Ariane Krol LA PRESSE

Les spécialistes de la santé publique parlent depuis plusieurs années d'environnement obésogène, qui favorise l'accumulation de poids excessif. Le nouveau rapport de l'Institut canadien d'information sur la santé (ICIS) donne plutôt l'impression d'une véritable culture, qui privilégie les loisirs sédentaires au détriment d'activités plus physiques.

Un adulte sur quatre et presque un jeune sur 10 (8,6%) est obèse au Canada. Une proportion qui s'est multipliée par deux en moins de 30 ans. «La sédentarité est apparue comme le facteur le plus étroitement associé à l'obésité», souligne l'ICIS dans son analyse synthèse publiée hier.

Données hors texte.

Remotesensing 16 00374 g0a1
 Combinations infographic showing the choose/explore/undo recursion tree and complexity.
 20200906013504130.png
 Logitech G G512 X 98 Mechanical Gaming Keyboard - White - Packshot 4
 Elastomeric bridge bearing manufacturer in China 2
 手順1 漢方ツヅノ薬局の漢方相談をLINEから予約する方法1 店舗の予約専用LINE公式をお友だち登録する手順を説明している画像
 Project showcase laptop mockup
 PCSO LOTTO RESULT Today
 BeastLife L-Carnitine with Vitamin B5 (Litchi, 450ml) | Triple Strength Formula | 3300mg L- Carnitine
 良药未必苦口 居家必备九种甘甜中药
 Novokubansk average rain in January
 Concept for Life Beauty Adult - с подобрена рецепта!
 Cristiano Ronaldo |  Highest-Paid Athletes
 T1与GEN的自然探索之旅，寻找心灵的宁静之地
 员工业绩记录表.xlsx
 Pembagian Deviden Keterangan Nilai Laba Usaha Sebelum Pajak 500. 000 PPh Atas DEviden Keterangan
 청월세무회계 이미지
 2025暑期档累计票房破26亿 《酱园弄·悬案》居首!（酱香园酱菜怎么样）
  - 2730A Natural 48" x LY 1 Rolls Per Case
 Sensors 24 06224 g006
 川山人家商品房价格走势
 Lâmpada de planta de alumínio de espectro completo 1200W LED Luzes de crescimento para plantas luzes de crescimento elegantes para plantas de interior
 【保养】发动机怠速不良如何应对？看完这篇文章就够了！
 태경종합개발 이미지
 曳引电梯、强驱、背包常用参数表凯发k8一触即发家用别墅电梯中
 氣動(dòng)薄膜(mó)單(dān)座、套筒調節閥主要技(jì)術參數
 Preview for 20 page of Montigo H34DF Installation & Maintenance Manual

On ne parle pas ici de petit surplus de poids, mais de gens dont l'indice de masse corporelle (IMC) est de 30 ou plus. Ce qui augmente leurs risques de développer des maladies chroniques comme le diabète de type 2 et l'hypertension et les maladies cardiovasculaires, ainsi que certaines formes de cancer. Les enfants ne sont pas épargnés puisque l'obésité contribue chez eux à l'apparition précoce du diabète de type 2, de l'athérosclérose et l'hypertension. Pénible pour les personnes concernées, et cher pour le système de santé - presque 2 milliards en coûts directs par an. L'enjeu de santé publique est clair, mais l'impact des choix personnels ne doit pas être ignoré pour autant.

Il est vrai que les individus ont très peu de contrôle sur certains facteurs, comme le revenu et ses corollaires (alimentation, milieu de vie, accès aux installations récréatives, etc.), et pas du tout sur d'autres, comme la génétique, dont on ne connaît pas encore grand-chose.

Tout n'est cependant pas une fatalité. Vancouver et sa voisine Richmond affichent les plus bas taux d'obésité au pays, quatre à cinq fois moins élevés que la moyenne. Oui, elles ont un climat et des aménagements propices à l'activité physique, mais il y a plus. Bouger n'y est pas seulement possible, mais valorisé. L'inverse de la tendance générale, où c'est passer du temps devant un écran qui est devenu la norme. Les jeunes devraient s'en tenir à deux heures par jour, mais moins d'un sur cinq respecte cette limite, qui est pourtant un déterminant de l'embonpoint.

Si tous les Canadiens sédentaires faisaient au moins de 15 minutes d'activité physique à faible impact par jour, le pays compterait presque 1,1 million d'obèses de moins, calcule l'ICIS. Difficile de prétexter le manque de temps.

Le problème de ce qu'on ne fait pas (bouger) vient beaucoup plus de ce qu'on fait de nos moments libres (télé, internet, jeux vidéos, etc.) que de n'importe quoi d'autre. C'est toute notre culture des loisirs qui est à revoir.

Quelque 42% des répondants à notre Question du jour ont indiqué que Pierre Lavoie les avait sensibilisés à faire de l'activité physique. Et c'est sans compter tout l'effet d'entraînement de son Grand Défi auprès des jeunes. Le truc? Il ne faut pas se contenter de les regarder à la télé.